Animal Machines
- The cover of the original 1964 edition
- Author: Ruth Harrison
- Language: English
- Subject: Factory farming, animal welfare
- Genre: Non-fiction
- Publisher: Vincent Stuart Ltd.
- Publication date: 1 Dec 1964
- ISBN: 9780722400357

= Animal Machines =

1964 non-fiction book on the animal welfare issues in intensive agriculture

Animal Machines is a 1964 non-fiction book on factory farming written by Ruth Harrison, an English animal welfare activist and author. The book described the harsh conditions in intensive livestock farming and brought the suffering of intensively farmed animals into the public eye, leading to the UK Government to create a committee led by Francis Brambell to investigate farm animal welfare.

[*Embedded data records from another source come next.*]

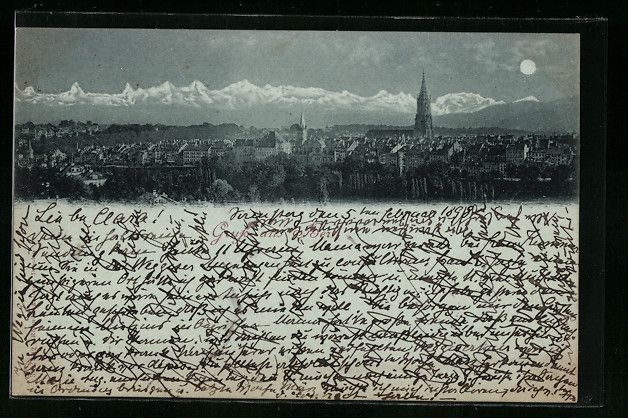 Cartoline postali: Mondschein-AK Bern, Totalansicht, 1898 – Usato da Berlin venduto da bartko-reher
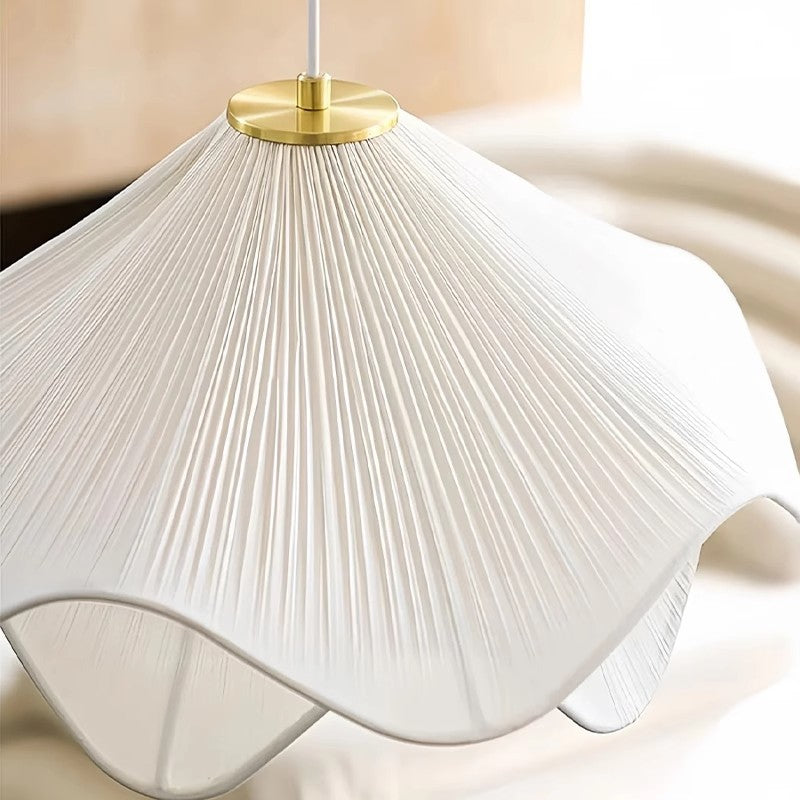 Soft Petal Fabric LED Chandelier / 50CM Gold / White light
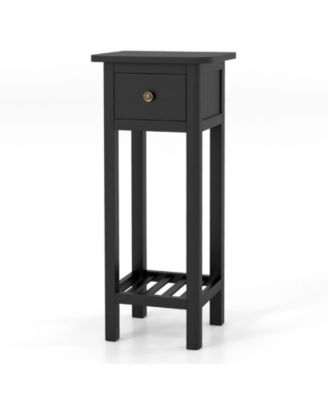 2 Tier Slim Nightstand Bedside Table with Drawer Shelf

The committee later published the Brambell Report, which in turn led to the development of the Five Freedoms model of animal welfare.

==Contents==
Animal Machines contains chapters on major and widespread welfare issues such as broiler hens, fast growing chicken breeds farmed for meat that are predisposed to health conditions such as heart attacks, dermatitis, and lameness; battery hens, where chickens are kept in cramped cages in order to maximise egg production, but at the cost of decreased welfare; and veal calves, young cows grown for meat that are kept in cramped conditions. The book also contained chapters on other common issues found in intensive agriculture. The book concludes by describing the primary arguments for and against factory farming, stating that the arguments against it are from a humanitarian and ethical perspective whilst the arguments in favour are purely economical.

==Reception==
When published in 1964, Animal Machines prompted public outcry against the conditions in factory farming which for many people were entirely unknown before Harrison revealed them. The public outcry was so great that the British government formed a committee chaired by Francis Brambell to investigate the welfare of farm animals. The report published by the committee, sometimes referred to as the 'Brambell report', summarised that animals should be able “to stand up, lie down, turn around, groom themselves and stretch their limbs.” This report later led to the development of the Five Freedoms, an important milestone in measuring and assessing animal welfare.